In the listing below, find the line containing "Gold ginkgo leaf" and the line containing "an empty room with windows", then copy exactly everything from the first through the second, except the pictures.

WORKING DATA
⟨
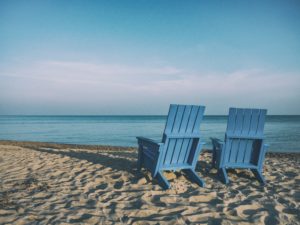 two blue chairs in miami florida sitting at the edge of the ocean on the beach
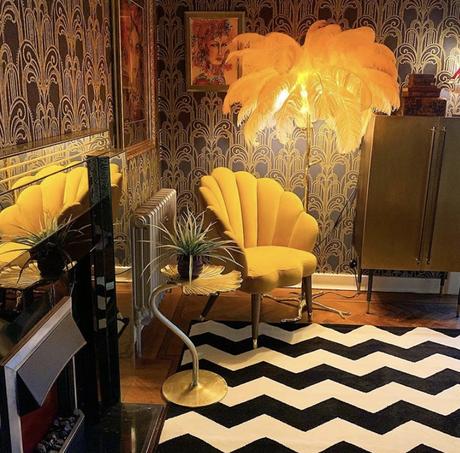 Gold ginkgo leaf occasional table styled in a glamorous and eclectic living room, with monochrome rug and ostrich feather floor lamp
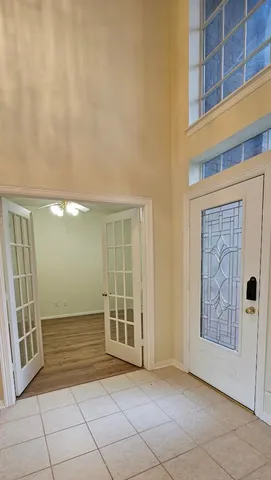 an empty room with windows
⟩
⟨
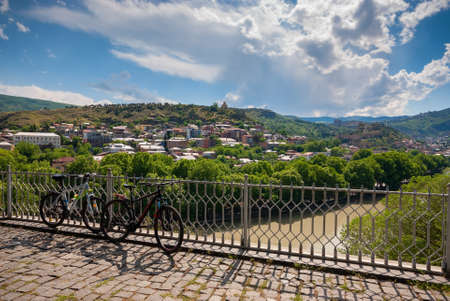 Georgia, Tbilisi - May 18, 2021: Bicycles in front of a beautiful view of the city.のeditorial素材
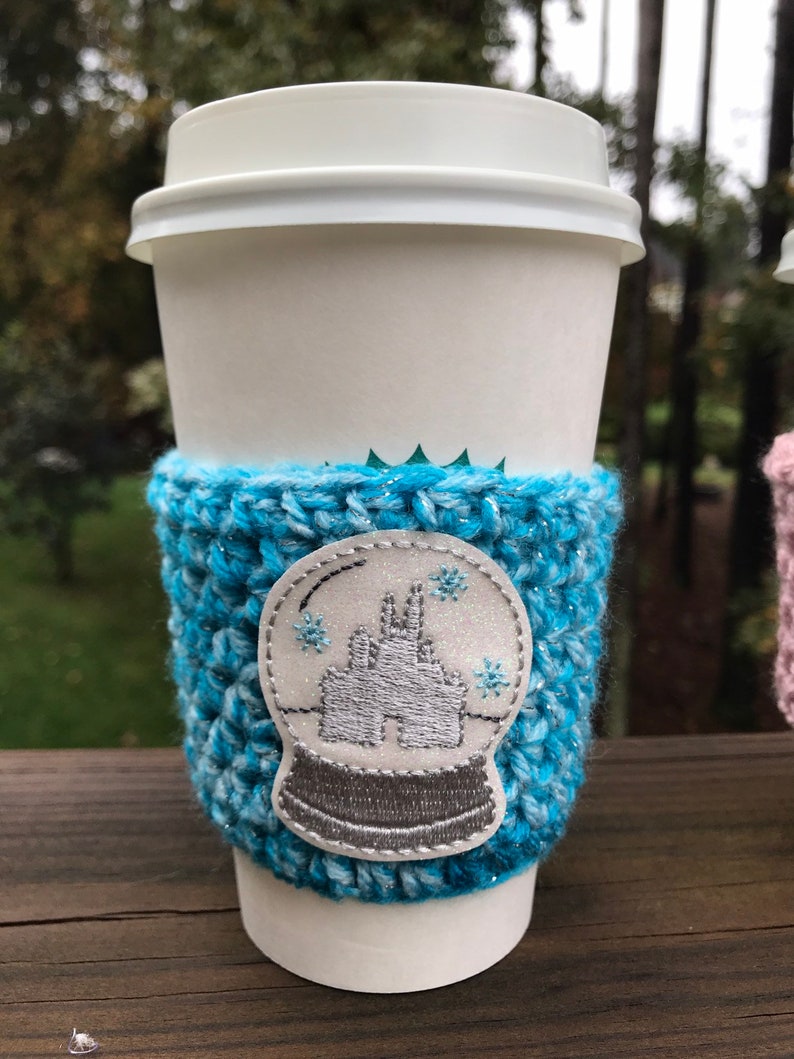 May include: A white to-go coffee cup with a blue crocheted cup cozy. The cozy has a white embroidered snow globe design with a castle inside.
⟩
ANSWER TO THE EXERCISE
 Gold ginkgo leaf occasional table styled in a glamorous and eclectic living room, with monochrome rug and ostrich feather floor lamp
 an empty room with windows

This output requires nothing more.